Anita Tijerina Revilla wasn't there in 1968 when students walked out of Los Angeles classrooms in protest. Yet her life -- and her career -- were profoundly affected.
The walkouts, which included black students who marched in a show of solidarity, called attention to the substandard education being provided to minority students.
The effects have been long-lasting, said Revilla, who is co-editor of the book Marching Students: Chicana and Chicano Activism in Education, 1968 to the Present (University of Nevada Press, 2011). She also co-wrote the chapter, "The Las Vegas Activist Crew" and provided the book's introduction.
"In so many school districts there are administrators, teachers, and students who are struggling with not having culturally relevant" principles of teaching, Revilla said. "We want to let them know there is a legacy to some of the inequality in schools and there is some legacy of resistance.
"The walkouts in Los Angeles were a real turning point for Chicano activism in this county," said Revilla, director of UNLV's women's studies program. "In the short term, the students involved created consciousness among themselves and in their community about the inequities they were experiencing. After their experience with the walkouts, students realized 'We don't have to live our lives out in this state of discrimination. We can create change in our own lives.'"
The long-term impact has been profound, according to Revilla. Many of those students, who were significantly disadvantaged and considered at-risk, have thrived in both their education and their careers -- things Revilla sees as being directly related to their experience with the walkouts. Most walkout leaders have acquired college degrees. Many now work as professors, teachers, or school administrators. One made a film about the walkouts for HBO.
"The experience in 1968 created a shift in their minds," she said.
In her own education, Revilla, too, realized that she would have to be the one to take charge if she wanted to succeed.
Growing up in San Antonio, she quickly was identified as bright and was placed in a program for gifted and talented children. That eventually translated into her being placed on a college-bound track.
Revilla, whose family had no experience with college, had asked around about admissions. Extra-curricular activities were important, she was told. So teenage Anita signed up for almost every club and program she could find -- even those that were not a major interest, such as a summer program in engineering.
When the time came to file college applications, she wanted to apply to some Ivy League schools -- an option she was aware of only because two of her teachers had talked to her about it. But her counselor at one of the city's poorest high school advised against it, telling her she needed to be more realistic and limit her applications to local colleges. Ignoring her advice and insisting on her college fee waivers, Revilla filed her own college applications without her help -- and enrolled at Princeton the following fall.

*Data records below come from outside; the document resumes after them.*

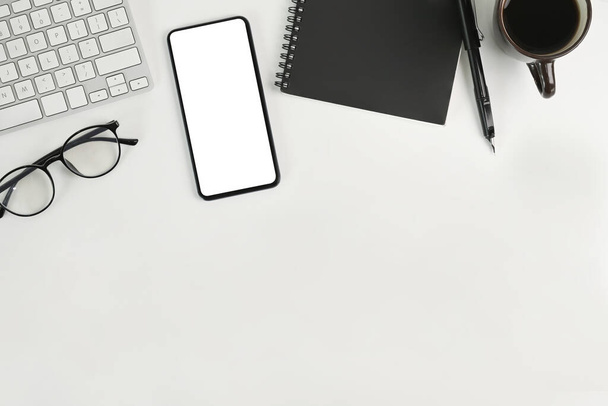 Mock up smartphone, notebook, koffiebeker en glazen op wit bureau. - Foto, afbeelding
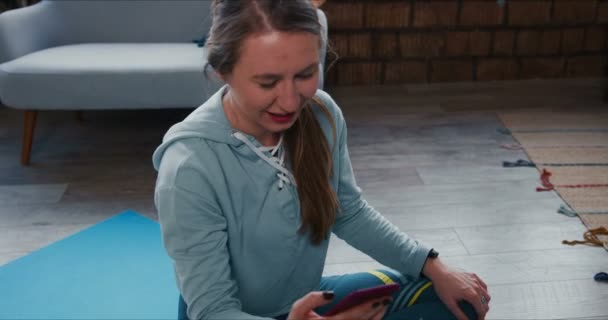 Evde karın kası egzersizi yapan güzel bir kadın akıllı telefon uygulaması kullanarak spor koçuyla internetten konuşuyor.. — Stok video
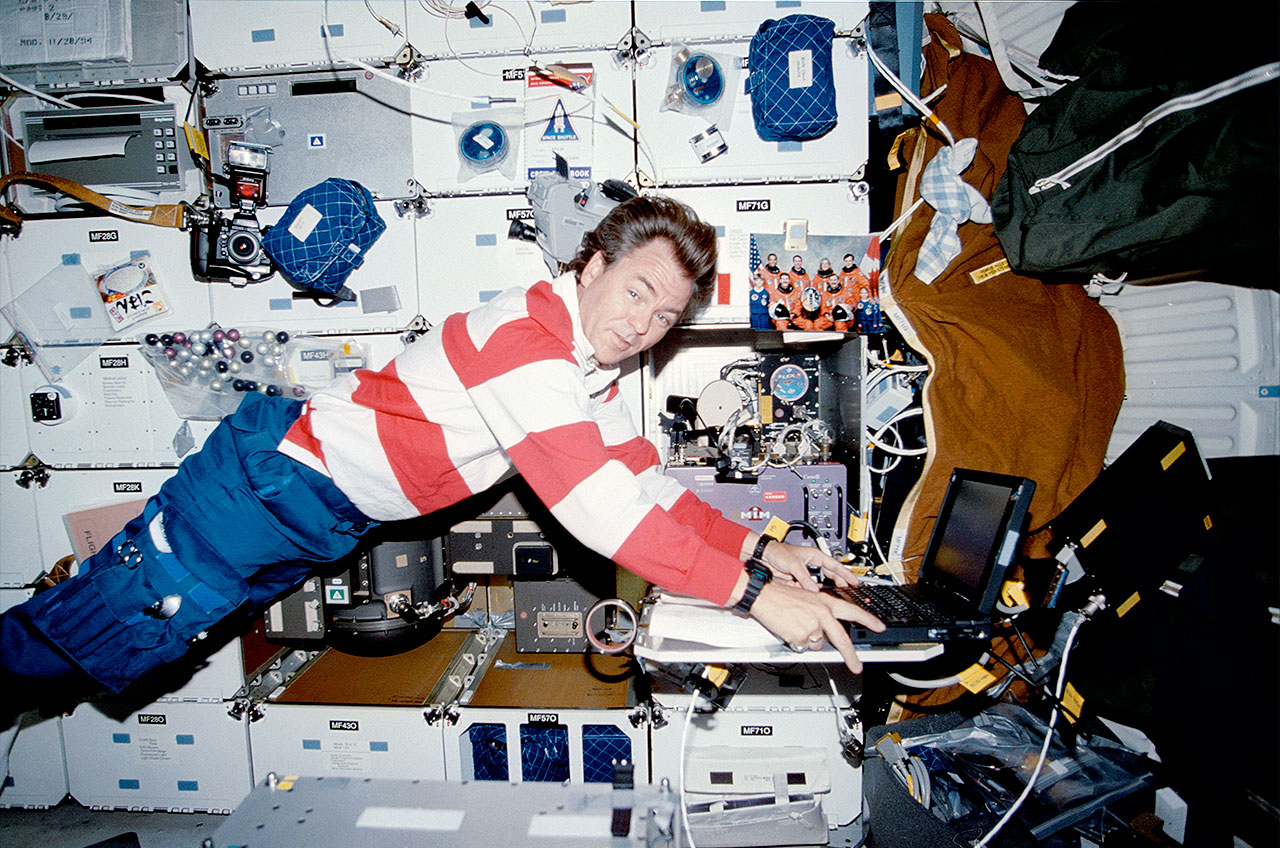 STS-85 Payload Specialist Bjarni Tryggvason, representing the Canadian Space Agency, records data from the Microgravity Vibration Isolation Mount (MIM) experiment on the middle deck of the Space Shuttle Discovery in August 1997.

Like her counterparts in Los Angles, Revilla had direct experience with educational inequities. For one thing, she realized how lucky she was that someone had placed her on the college-bound track even though she found even that education lacking. Unlike many of her fellow students, at least she was being pushed to improve her own educational experience. And, she said, many of those peers were just as bright as she was.
Unfortunately, she said, the education offered to marginalized students in America really hasn't improved in the years since she herself was in the K-12 education system.
Much of the problem, not surprisingly, goes back to money. "School finance has been an issue for civil rights movements for a long time," Revilla said. As long as school funding is tied to property taxes, which means that districts with more expensive real estate receive more money than districts in poorer areas, the inequities will remain, she predicted.
Knowing that correcting school funding problems probably won't happen any time soon, particularly in light of the nation's economic problems, Revilla said the country at least needs to strive for cultural, class, and gender competence in its schools. "If teachers were trained to deal with differences related to mental illness, class, gender, and race, it would lead to different and improved experiences for students and would result in fewer students being marginalized because of those differences," she said.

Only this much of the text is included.